Cocksure at heart. Benson was like that when he first hit the scene as a sideman with organist Brother Jack McDuff in late 1963. By no means arrogant, instead playing with a joy of discovery that is contagious. In McDuff’s band, the youngster, who sang professionally as a kid, still played the kind of r&b guitar style from his teenage years, although the influence of his heroes Charlie Christian and Grant Green (interpreted in fast forward motion) were readily discernible. Displaying quicksilver runs, a biting attack, torrents of foul-mouthed but impeccably placed blues phrases, Benson heated up both studio and stage to temperatures uncommon even in New Jersey or New York City summer season. Dig Benson’s fireworks on YouTube, footage of the McDuff Quartet’s 1964 performance at Antibes, France, here.
After a string of albums with McDuff and his debut album on Prestige, The New Boss Guitar Of George Benson, the guitarist had signed to Columbia, releasing It’s Uptown in 1966, with one of those grandiose subtitles I’m sure musicians weren’t too fond of, The Most Exciting New Jazz Guitarist On The Scene Today. It was a thoroughly exciting group that Benson had assembled and baritone saxophonist Ronnie Cuber, organist Lonnie Smith and drummer Jimmy Lovelace (alternating with Marion Booker) also gathered for the Cookbook session, still more tight-knit as a unit, delivering a hot barbecue of spicy ribs and saucy side dishes.
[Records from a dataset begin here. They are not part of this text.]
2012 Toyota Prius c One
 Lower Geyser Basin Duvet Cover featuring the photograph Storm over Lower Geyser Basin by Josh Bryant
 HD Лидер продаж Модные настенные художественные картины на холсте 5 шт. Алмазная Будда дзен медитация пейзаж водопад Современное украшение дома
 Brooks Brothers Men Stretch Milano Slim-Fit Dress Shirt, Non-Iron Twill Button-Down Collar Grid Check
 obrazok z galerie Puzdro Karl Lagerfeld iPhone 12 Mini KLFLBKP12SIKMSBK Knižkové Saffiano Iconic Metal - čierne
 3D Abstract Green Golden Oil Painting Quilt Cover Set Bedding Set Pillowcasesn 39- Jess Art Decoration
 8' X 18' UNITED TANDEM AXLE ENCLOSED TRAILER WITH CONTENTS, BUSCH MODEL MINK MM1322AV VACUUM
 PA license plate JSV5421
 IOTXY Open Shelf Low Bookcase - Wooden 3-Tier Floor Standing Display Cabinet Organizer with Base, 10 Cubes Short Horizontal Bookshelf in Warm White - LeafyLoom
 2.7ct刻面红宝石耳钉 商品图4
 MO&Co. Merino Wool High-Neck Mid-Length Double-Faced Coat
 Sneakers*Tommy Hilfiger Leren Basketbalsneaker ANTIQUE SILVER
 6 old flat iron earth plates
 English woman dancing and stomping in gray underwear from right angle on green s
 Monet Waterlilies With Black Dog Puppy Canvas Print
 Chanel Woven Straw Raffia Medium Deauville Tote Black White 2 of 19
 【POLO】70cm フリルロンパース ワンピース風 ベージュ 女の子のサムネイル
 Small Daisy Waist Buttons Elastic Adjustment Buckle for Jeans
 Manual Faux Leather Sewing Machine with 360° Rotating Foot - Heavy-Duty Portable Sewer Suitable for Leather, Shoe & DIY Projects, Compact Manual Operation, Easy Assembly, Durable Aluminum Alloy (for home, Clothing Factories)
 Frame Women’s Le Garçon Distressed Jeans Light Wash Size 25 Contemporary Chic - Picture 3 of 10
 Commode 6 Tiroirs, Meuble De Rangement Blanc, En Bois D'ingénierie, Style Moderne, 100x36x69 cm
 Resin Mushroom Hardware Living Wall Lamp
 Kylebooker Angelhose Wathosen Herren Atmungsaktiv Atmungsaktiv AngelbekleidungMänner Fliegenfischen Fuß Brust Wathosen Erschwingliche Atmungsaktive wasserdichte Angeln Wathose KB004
There’s the opening tune, The Cooker, a strike of stop-time thunder, evidence of the group’s effortless breakneck speed swing and Benson’s fast-fingered blues wizardry. Perhaps already the highlight of the album, which yet doesn’t take anything away from the remainder of the repertory, including other Benson originals like the gentle Bossa Rocka and Big Fat Lady, a perky r&b tune that could easily pass for the background to Jimmy Hughes on Fame or Hank Ballard on King.
Benson gets his kicks with licks on Benson’s Rider, a boogaloo-ish rhythm perfectly suitable for the deeply groovy Lonnie Smith. Benson wrote the The Borgia Stick for a mafia television series, a lush greenery for the mutually responsive soul jazz cultivators, who are effectively aroused by sections of tension and release. The nifty Jimmy Smith tune Ready And Able presents the burgeoning talent of baritone saxophonist Ronnie Cuber to full effect. He’s like the cookie monster that’s gotten a shot of rhythm&blues, soulfully eating up the breaks off the I Got Rhythm changes.
The other horn player on the date, Benny Green, happened to walk into his friend George Benson on the street prior to Benson’s session. Benson invited Green over to the studio to join the proceedings. Such is the unique nature of jazz and its practitioners, that sheer coincidence may be turned into a musical advantage. Green’s uplifting, swinging style is an asset on Benny’s Back (which was written on the spot by Benson and refers to the fact that Green was also present on Benson’s first Columbia LP) and the swing-styled jam Jumpin’ With Symphony Sid, the longest track on an album that keeps warming the hearts of ‘early-Benson-fans’ around the globe.